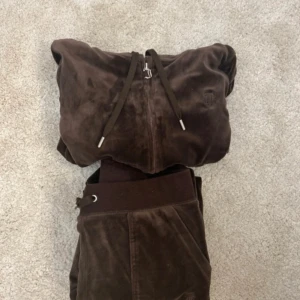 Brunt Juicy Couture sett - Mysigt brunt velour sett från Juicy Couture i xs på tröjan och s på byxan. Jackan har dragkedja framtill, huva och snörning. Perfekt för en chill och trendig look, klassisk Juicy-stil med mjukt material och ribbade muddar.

☆ ☆ ☆ ☆

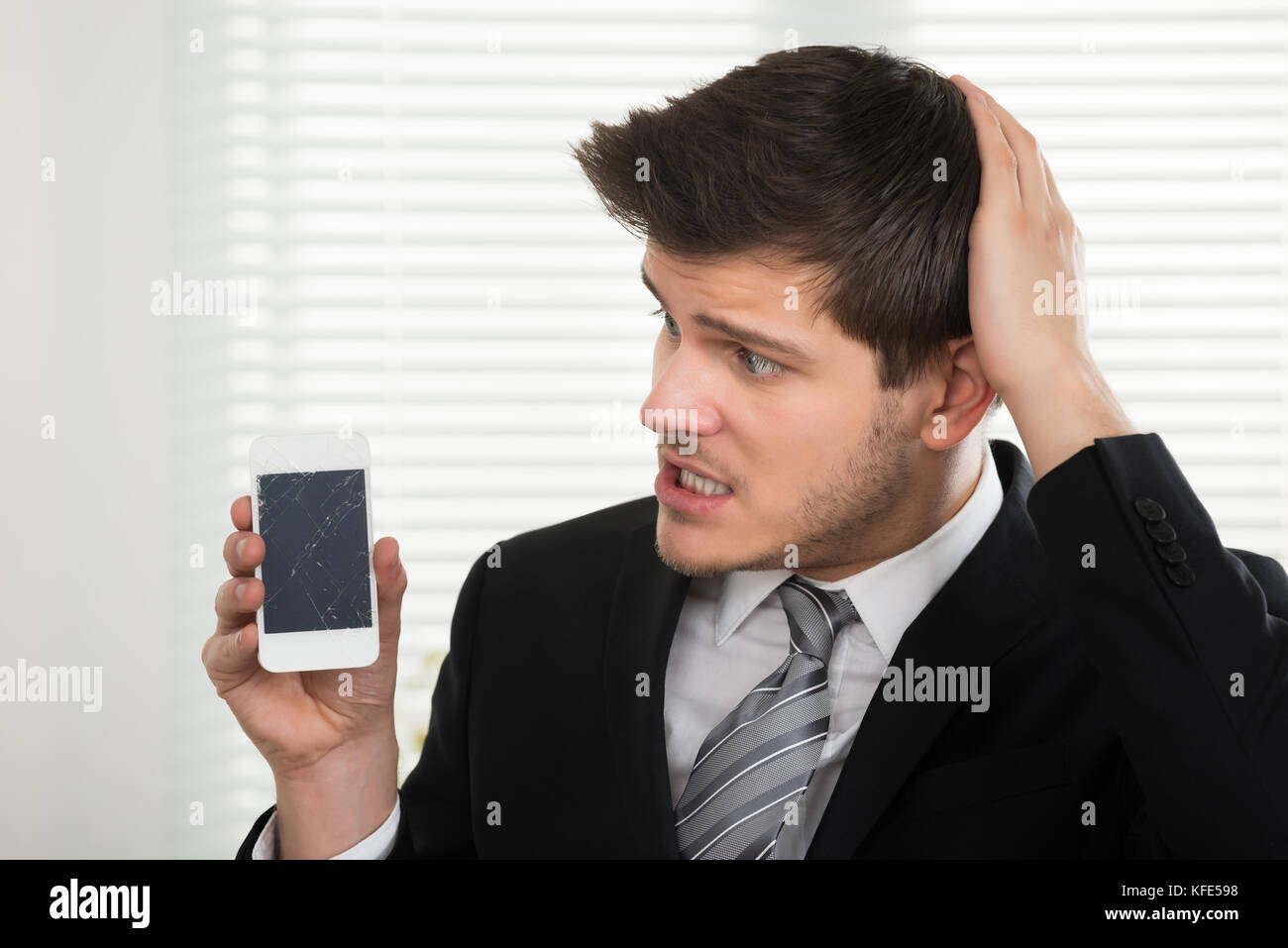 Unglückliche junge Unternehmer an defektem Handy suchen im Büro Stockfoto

☆ ☆ ☆ ☆

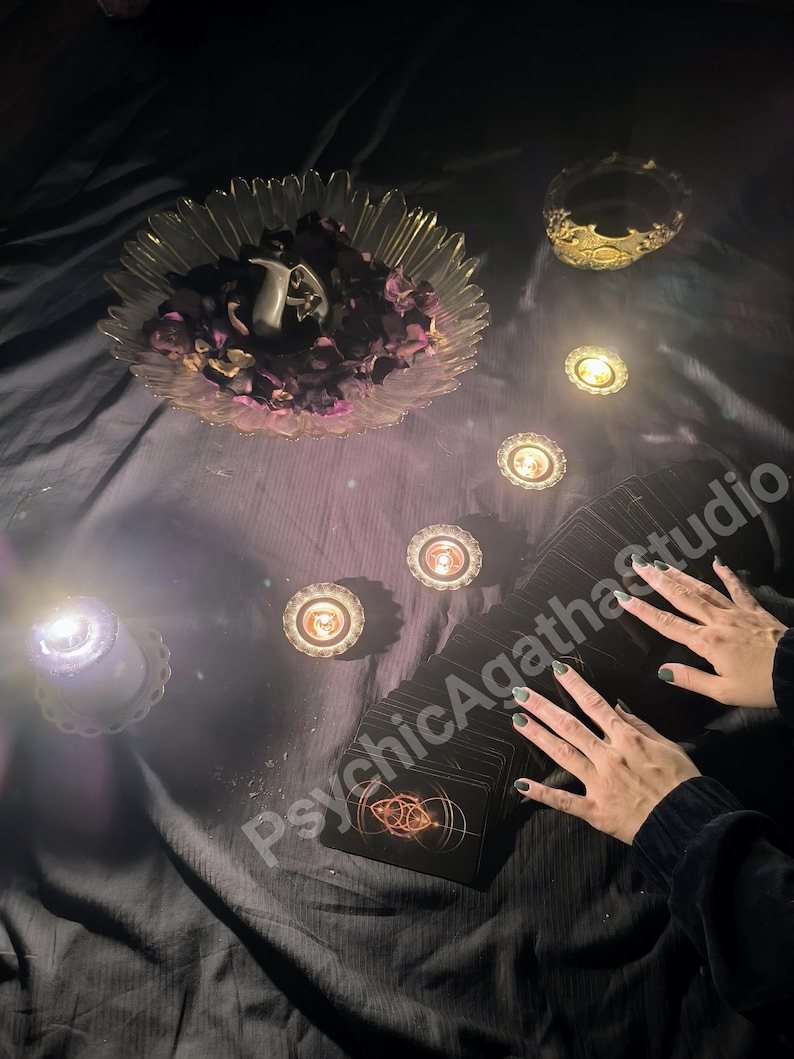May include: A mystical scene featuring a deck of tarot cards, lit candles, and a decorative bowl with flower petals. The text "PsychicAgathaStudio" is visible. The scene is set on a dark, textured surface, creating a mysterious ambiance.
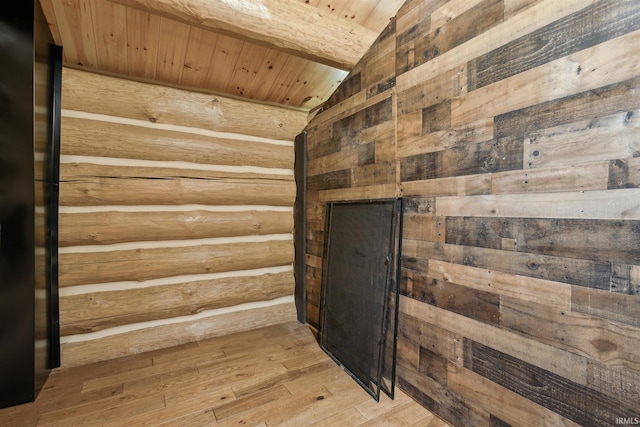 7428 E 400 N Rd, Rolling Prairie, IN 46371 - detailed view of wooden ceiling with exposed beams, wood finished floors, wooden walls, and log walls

☆ ☆ ☆ ☆

Problem requirements -
Once the line with "May include: A" is found above, transcribe each line from it through the line with "7428 E 400 N", exactly, and omit the pictures.

Output of the exercise -
May include: A mystical scene featuring a deck of tarot cards, lit candles, and a decorative bowl with flower petals. The text "PsychicAgathaStudio" is visible. The scene is set on a dark, textured surface, creating a mysterious ambiance.
 7428 E 400 N Rd, Rolling Prairie, IN 46371 - detailed view of wooden ceiling with exposed beams, wood finished floors, wooden walls, and log walls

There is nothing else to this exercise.